▸ Work required
Print every line below exactly. Skip the pictures.

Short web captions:
*** Begin section ***
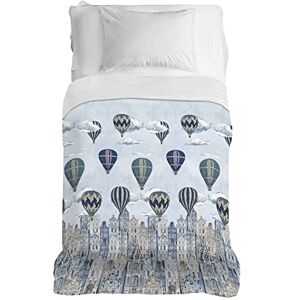 PENSIERI DELICATI Sprei 220 x 280 cm, eenpersoonsbed, 100% piqué-katoen, ideaal als sprei voor Frans bed, motief vliegen lichtblauw, 100% Made in Italy PENSIERI DELICATI Sprei 220 x 280 cm, eenpersoonsbed, 100% piqué-katoen, ideaal als sprei voor Frans bed, motief vliegen lichtblauw, 100% Made in Italy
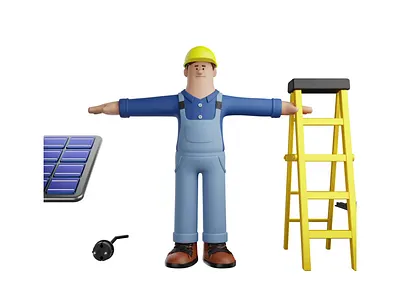 3D solar Power illustrations 3d cartoon 3d character 3d character illustration 3d characters builder character figma illustration illustrations power solar solar power ui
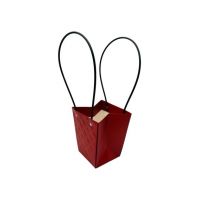 Poseta En-gros pentru Aranjament Floral, cu manere, 12.5×12×12cm, Rosu Inchis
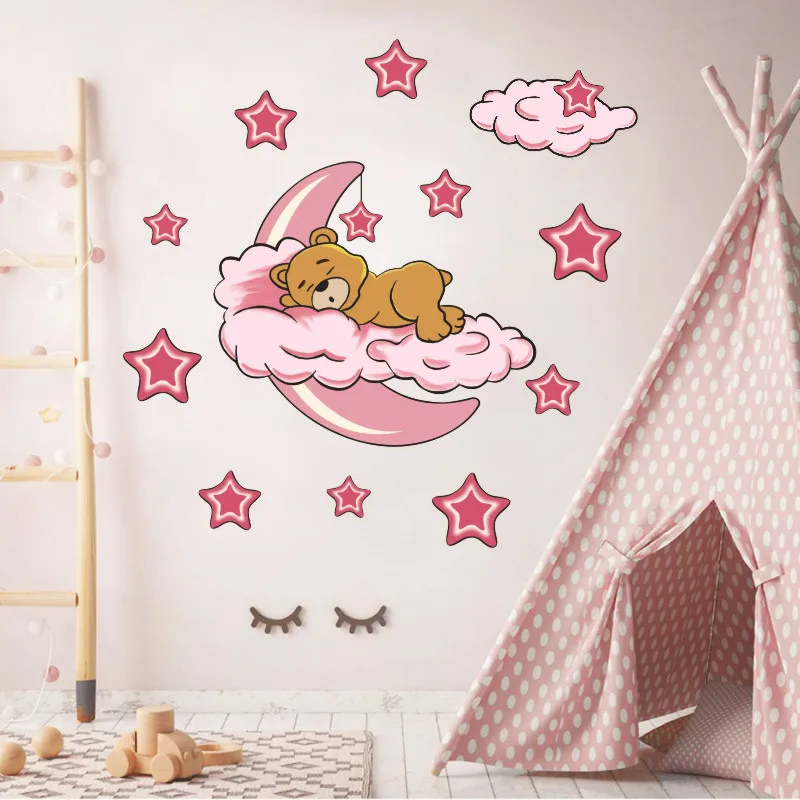 

Cute moon bear Wall Sticker Baby Kids Living Room Vinyl Decal Sleeping Bear Moon Stars & Moon Removable Mural Nursery Decor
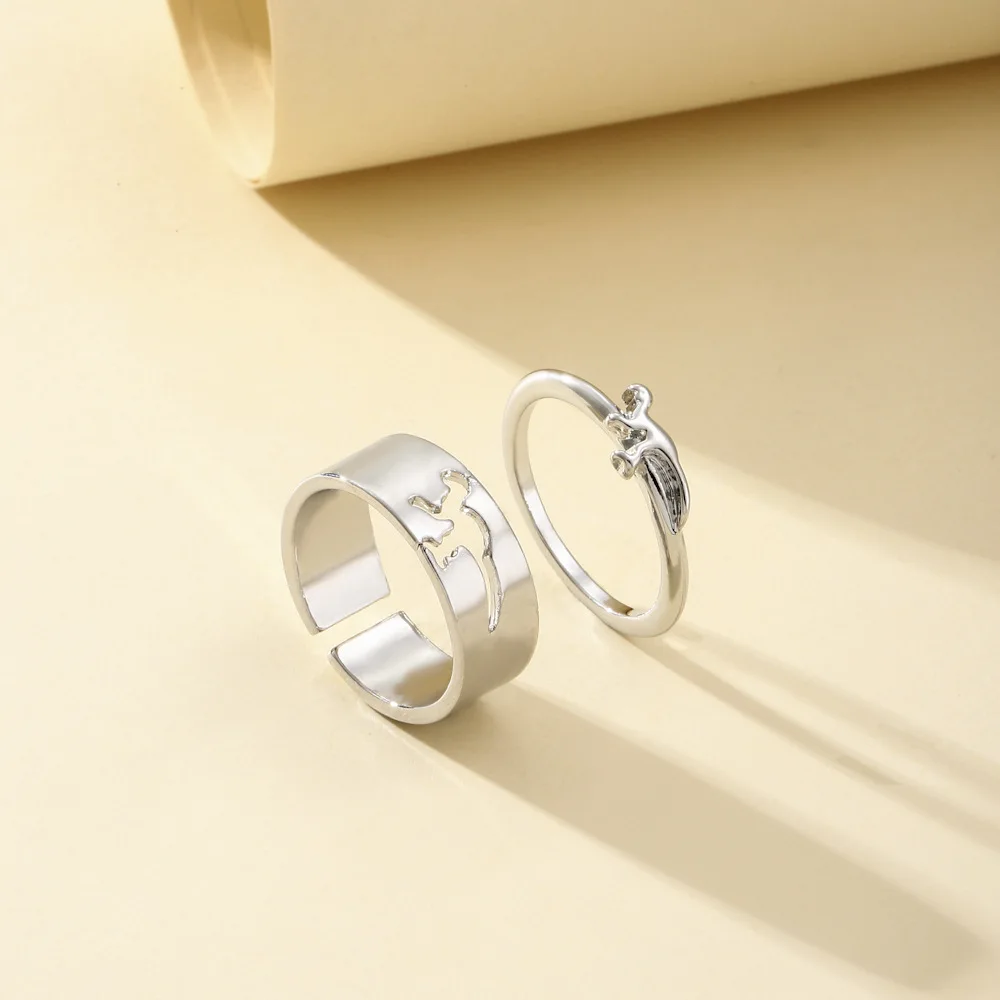 

2 Pcs/set Dinosaur Rings Set Ins Open Ring Fashion Finger Animal Women's Ring Jewelry Adjustable ring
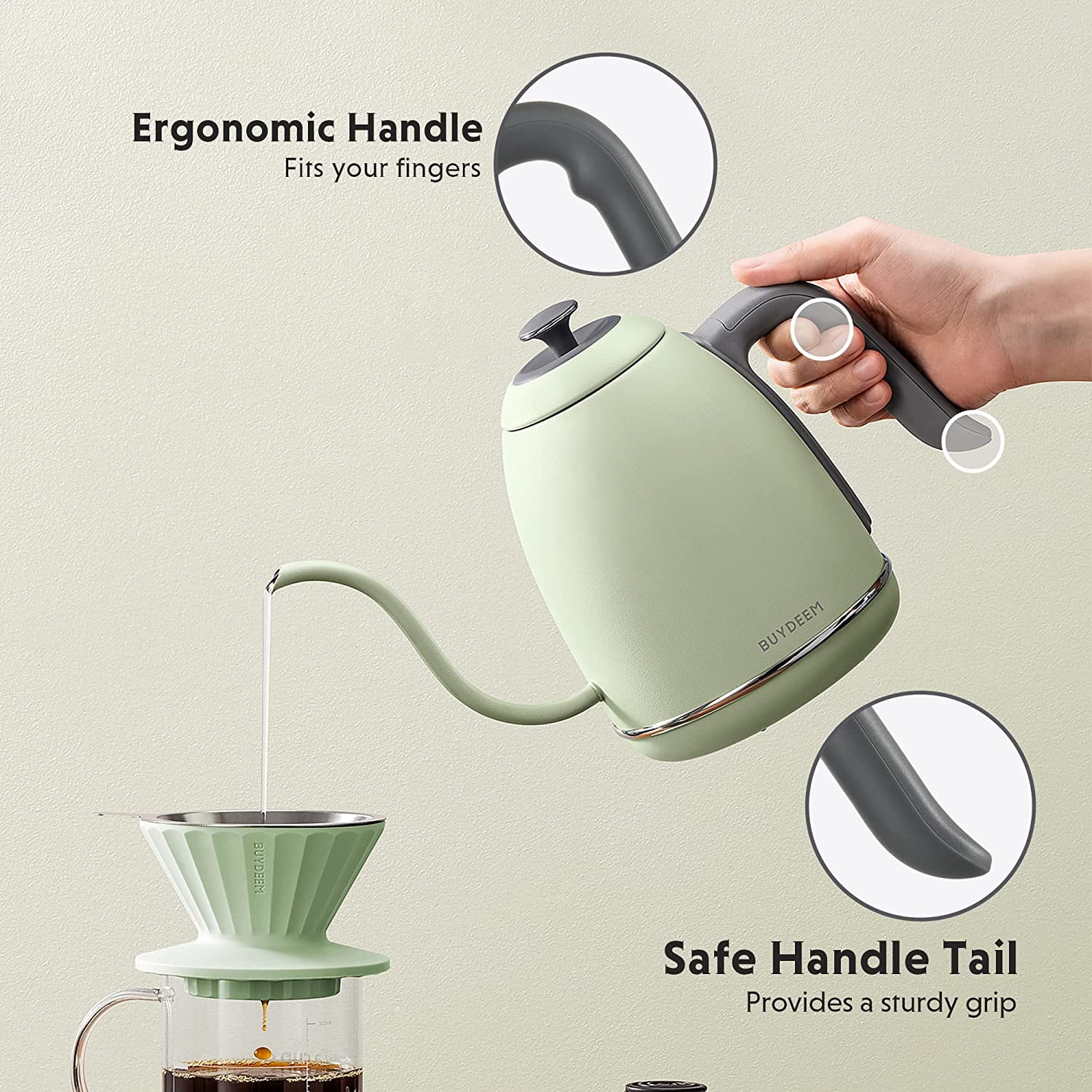 BUYDEEM Gooseneck Electric Pour-Over Kettle, Stainless Steel 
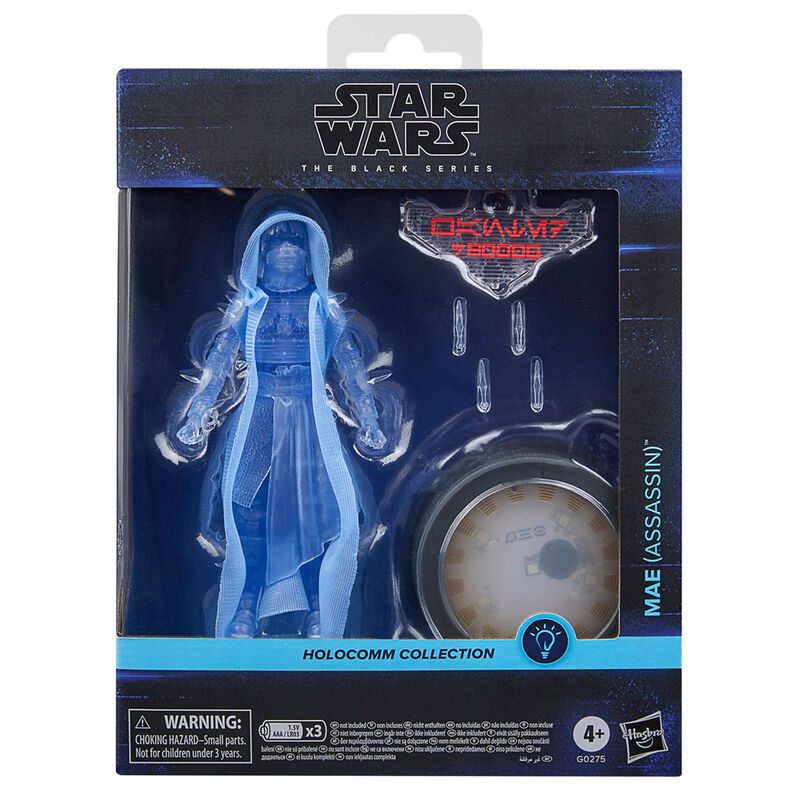 Figurine Star Wars Mae Assassin Holocomm 15cm vue de face avec éclairage holographique activé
*** End section ***
▸ Solution to the problem
 PENSIERI DELICATI Sprei 220 x 280 cm, eenpersoonsbed, 100% piqué-katoen, ideaal als sprei voor Frans bed, motief vliegen lichtblauw, 100% Made in Italy PENSIERI DELICATI Sprei 220 x 280 cm, eenpersoonsbed, 100% piqué-katoen, ideaal als sprei voor Frans bed, motief vliegen lichtblauw, 100% Made in Italy
 3D solar Power illustrations 3d cartoon 3d character 3d character illustration 3d characters builder character figma illustration illustrations power solar solar power ui
 Poseta En-gros pentru Aranjament Floral, cu manere, 12.5×12×12cm, Rosu Inchis

Cute moon bear Wall Sticker Baby Kids Living Room Vinyl Decal Sleeping Bear Moon Stars & Moon Removable Mural Nursery Decor

2 Pcs/set Dinosaur Rings Set Ins Open Ring Fashion Finger Animal Women's Ring Jewelry Adjustable ring
 BUYDEEM Gooseneck Electric Pour-Over Kettle, Stainless Steel 
 Figurine Star Wars Mae Assassin Holocomm 15cm vue de face avec éclairage holographique activé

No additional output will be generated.